Here are some potential project ideas related to material taught by Professor Gelb. You are also encouraged to come up with your own project idea. Please consult with either instructor early in the term so that you have the time to complete a meaningful research project. At the end of the term, each student's project will be listed below.

Course Policies

Honor Principle

Students are encouraged to work together to understand course material. This includes helping each other by providing insight into homework problems. However, each student is responsible for his/her own assignment, and any homework problem solution that appears to result from a team effort will result in zero points awarded for all parties involved. It is also important to avoid plagiarism in your final project report, and to cite all work appropriately. When in doubt, please ask Professor Fu or Gelb what the proper protocol is. You should also refer to Academic Honor Principle.

Accessibility Policy

Students needing special accommodations are encouraged to make an office appointment with Professors Gelb and Fu prior to the end of the second week of the term. At this time, students should provide copies of disability registration forms, which list the particular accommodations recommended Student Accessibility Services within the Academic Skills Center. The Director of Student Accessibility is Ward Newmeyer. Office 205 Collis Center; Phone (603) 646-9900.

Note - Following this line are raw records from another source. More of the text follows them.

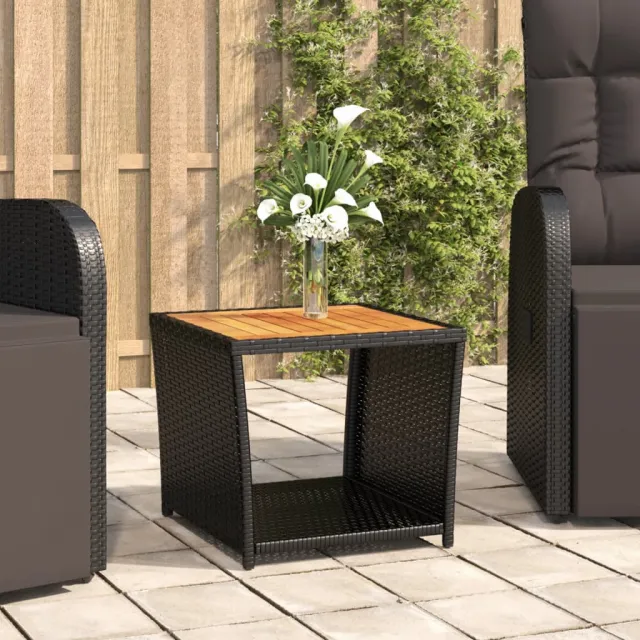 vidaXL Salontafel met houten blad poly ratten en acaciahout zwart, foto 2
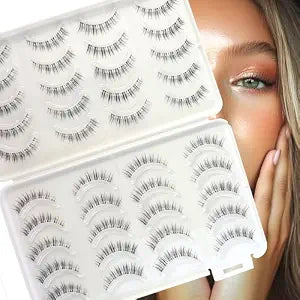 Natural Strip Lashes 10MM Short Cat Eye False Eyelashes Invisible Clear Band Thin Wispy Fake Lashes for Daily Wear 20Pairs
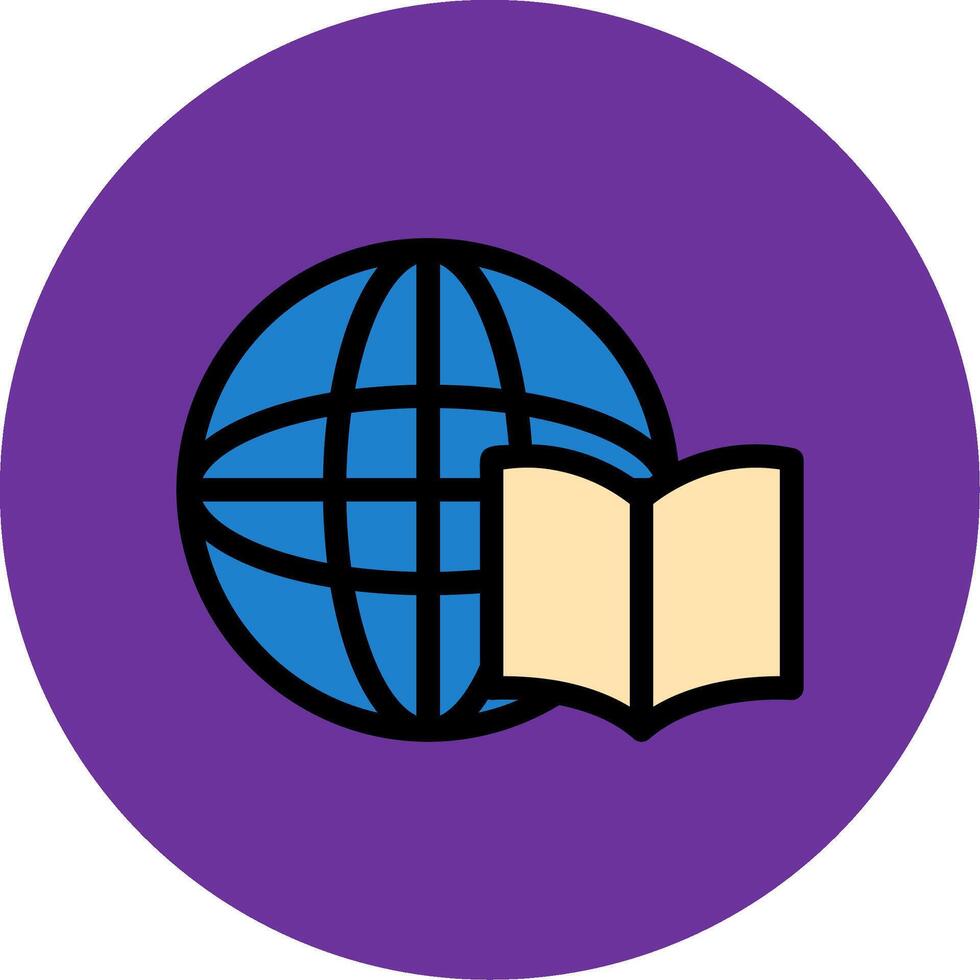 Distance Book Filled Multi Circle Icon vector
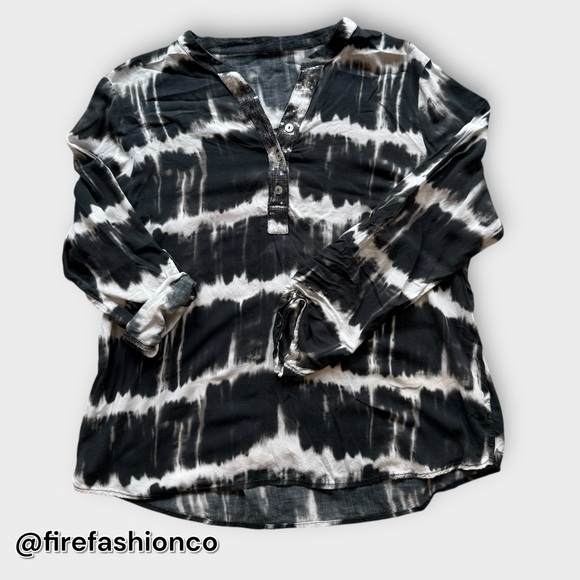 iRE Fashion Tops - Monochrome Tie-Dye Long Sleeve Top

Student Religious Observances

Some students may wish to take part in religious observances that fall during this academic term. Should you have a religious observance that conflicts with your participation in the course, please come speak with your instructor before the end of the second week of the term to discuss appropriate accommodations.

Late Policy

Deadlines will be strictly enforced. In extreme cases late final project reports will be accepted with a penalty of 5% incurring each day. The maximum extension period underal all circumstances is 4 days. Students must request extensions for the final project with instructors one week prior to the due date. Students requesting special accommodations should inform the instructors well in advance so that the instructors will have sufficient time to work with Student Accessibility Services to ensure appropriate accommodation.